He's like, there's no way in the world I could have done that, but by you putting it into the deal, I get to go home and say, honey, they're going to give us $250,000. And they bought me a Corvette and he's like, I get my Corvette. And so as a result of the Corvette that actually saved the insurance company way more than 95,000 bucks. But that's the piece of empathy that's so critical, is to understand the Corvette for him is not about $95,000. The Corvette for him is something more personal, more emotional, more identity based. And had that mediator not been emotionally intelligent and had the skill of practicing empathy, that moment never would've happened because those lawyers weren't going there.

AD : Well, what a powerful story on so many levels in terms of empathy leading to a better understanding of the problem and needs, and then also the solution being one that is defendable to toughest critics, which is something we got to remember too, which is he's got to go back and defend this outcome to his spouse, his partner, his wife, and he can do that with one solution.

He'd have a hard time with the other, as you said, learn it all negotiators that in contrast to a know-it-all negotiator, does this go back to the framing of I've got all the answers, I don't need to learn from you versus the opening up, the power of questioning a good inquiry and the fact that I don't, and I'm okay with that uncertainty of not knowing everything.

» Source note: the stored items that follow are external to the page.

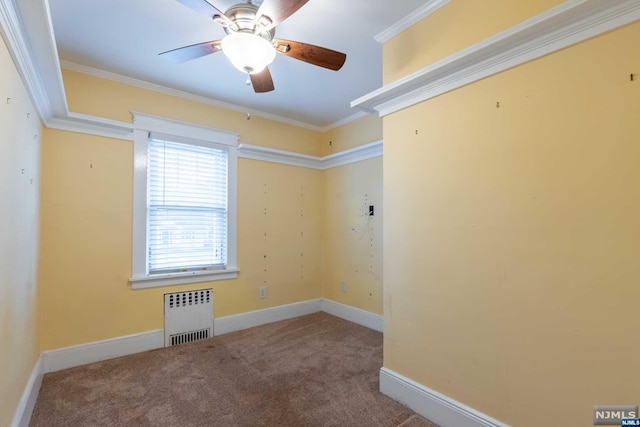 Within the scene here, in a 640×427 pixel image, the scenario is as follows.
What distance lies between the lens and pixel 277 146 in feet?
13.0

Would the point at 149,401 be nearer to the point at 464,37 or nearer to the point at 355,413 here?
the point at 355,413

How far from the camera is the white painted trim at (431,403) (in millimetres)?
1695

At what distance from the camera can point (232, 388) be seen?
2295 mm

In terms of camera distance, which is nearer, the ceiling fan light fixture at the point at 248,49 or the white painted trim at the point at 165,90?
the ceiling fan light fixture at the point at 248,49

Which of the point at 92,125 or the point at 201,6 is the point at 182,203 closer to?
the point at 92,125

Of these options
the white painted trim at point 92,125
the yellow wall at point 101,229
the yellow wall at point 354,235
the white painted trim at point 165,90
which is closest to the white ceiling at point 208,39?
the white painted trim at point 165,90

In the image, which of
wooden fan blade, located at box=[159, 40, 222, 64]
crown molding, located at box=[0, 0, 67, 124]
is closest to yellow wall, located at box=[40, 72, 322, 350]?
crown molding, located at box=[0, 0, 67, 124]

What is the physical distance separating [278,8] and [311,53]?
1.27ft

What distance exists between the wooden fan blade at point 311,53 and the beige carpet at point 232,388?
89.7 inches

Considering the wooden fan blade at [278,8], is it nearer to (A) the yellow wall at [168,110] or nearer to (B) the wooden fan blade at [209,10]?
(B) the wooden fan blade at [209,10]

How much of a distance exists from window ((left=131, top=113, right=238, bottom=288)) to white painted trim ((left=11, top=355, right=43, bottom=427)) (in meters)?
0.88

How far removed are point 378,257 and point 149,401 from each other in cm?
253

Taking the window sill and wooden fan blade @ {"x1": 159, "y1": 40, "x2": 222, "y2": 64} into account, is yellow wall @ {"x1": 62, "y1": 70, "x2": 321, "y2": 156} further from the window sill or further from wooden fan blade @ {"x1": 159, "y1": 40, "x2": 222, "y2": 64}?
the window sill

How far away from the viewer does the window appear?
2975 millimetres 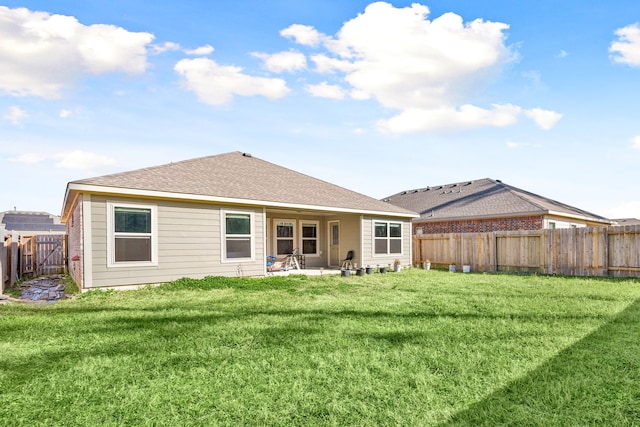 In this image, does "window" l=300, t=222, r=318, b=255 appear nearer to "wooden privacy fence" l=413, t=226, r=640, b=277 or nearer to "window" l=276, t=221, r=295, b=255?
"window" l=276, t=221, r=295, b=255

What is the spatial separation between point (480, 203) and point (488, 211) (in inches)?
56.9

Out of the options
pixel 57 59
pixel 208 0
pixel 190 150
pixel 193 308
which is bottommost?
pixel 193 308

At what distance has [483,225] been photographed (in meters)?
18.4

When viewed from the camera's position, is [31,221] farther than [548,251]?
Yes

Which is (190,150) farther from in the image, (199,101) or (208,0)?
(208,0)

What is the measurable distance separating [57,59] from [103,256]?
19.5ft

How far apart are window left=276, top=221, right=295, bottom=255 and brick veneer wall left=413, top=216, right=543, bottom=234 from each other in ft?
30.6

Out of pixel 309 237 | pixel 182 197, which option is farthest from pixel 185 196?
pixel 309 237

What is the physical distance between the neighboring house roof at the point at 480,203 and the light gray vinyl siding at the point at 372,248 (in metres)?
4.52

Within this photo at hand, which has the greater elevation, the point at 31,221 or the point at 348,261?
the point at 31,221

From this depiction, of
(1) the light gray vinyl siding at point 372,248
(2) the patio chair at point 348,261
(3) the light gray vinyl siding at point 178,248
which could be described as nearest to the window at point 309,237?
(2) the patio chair at point 348,261

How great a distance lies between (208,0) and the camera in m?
→ 9.13

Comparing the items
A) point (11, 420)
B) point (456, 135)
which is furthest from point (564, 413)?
point (456, 135)

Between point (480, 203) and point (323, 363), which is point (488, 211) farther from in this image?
point (323, 363) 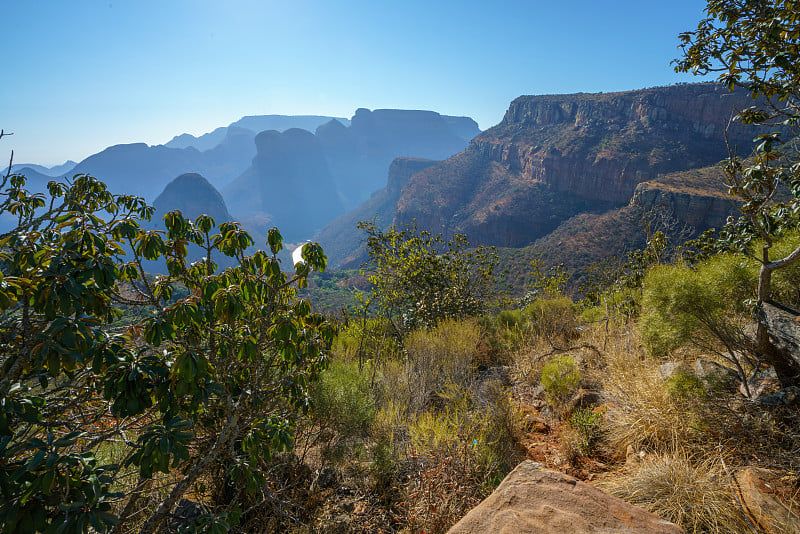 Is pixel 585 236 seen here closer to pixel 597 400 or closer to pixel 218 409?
pixel 597 400

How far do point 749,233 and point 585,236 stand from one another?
4170 cm

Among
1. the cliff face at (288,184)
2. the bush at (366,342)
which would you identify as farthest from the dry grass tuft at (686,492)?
the cliff face at (288,184)

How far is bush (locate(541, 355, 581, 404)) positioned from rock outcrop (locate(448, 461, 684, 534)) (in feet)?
7.26

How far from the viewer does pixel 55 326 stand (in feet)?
4.83

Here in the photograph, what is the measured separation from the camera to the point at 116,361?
1715 mm

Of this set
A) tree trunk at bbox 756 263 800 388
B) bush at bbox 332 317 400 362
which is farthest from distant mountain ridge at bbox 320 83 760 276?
tree trunk at bbox 756 263 800 388

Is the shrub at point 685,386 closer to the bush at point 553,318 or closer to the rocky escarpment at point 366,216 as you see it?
the bush at point 553,318

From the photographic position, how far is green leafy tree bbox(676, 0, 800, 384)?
278cm

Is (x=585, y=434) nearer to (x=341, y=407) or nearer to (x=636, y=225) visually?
(x=341, y=407)

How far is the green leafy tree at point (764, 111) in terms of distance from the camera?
2.78 metres

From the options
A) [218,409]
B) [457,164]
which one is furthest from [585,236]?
[218,409]

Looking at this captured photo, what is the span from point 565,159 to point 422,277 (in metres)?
65.2

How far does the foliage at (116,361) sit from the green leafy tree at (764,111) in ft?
12.0

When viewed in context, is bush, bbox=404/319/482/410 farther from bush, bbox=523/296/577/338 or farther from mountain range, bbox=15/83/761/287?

I've got a plan though for how I'm going to learn what I don't know.

Beyond Right Answers, Right Relationships: Building Trust And Ownership In Deal-Making (09:25)

JL : So I think it's all about how you posture with the other side. So if you're a, ‘know-it-all’, then the whole posture from that is you are right, they're wrong, and you have to convince them that you are right. And what I've learned practicing law, even though I spent all this money learning how to persuade, I never called up an opposing counsel and said, listen, I have a law degree from a very reputable institution. I'm a very well-recognized attorney, and I've looked at your case and what I can tell you is that your case has no merit and you need to dismiss it immediately. And I've never had opposing counsel be like, well, thank you John, I appreciate your analysis and I'll get right on that because you've persuaded me that my case is horrible and that I shouldn't move forward with it.

It never happened. So, persuasion only gets you so far. Sometimes people are overconfident in their ability to persuade. So what this is is it changes your whole posture to say, and this is what I think effective negotiators understand is you may have the right answer, but if you can't get the other side to the right answer, that right answer is irrelevant. And so the more important question for negotiators is how do I get the other side to the right answer? And many times it has to be their answer, not your answer. And so this is where this process comes in, in terms of saying learn it all. You already know what you know now you've got to figure out how to learn what's driving them so you can connect what you know with what's driving them. And now all of a sudden you can put a deal together that meets their needs more effectively and meets your needs as well.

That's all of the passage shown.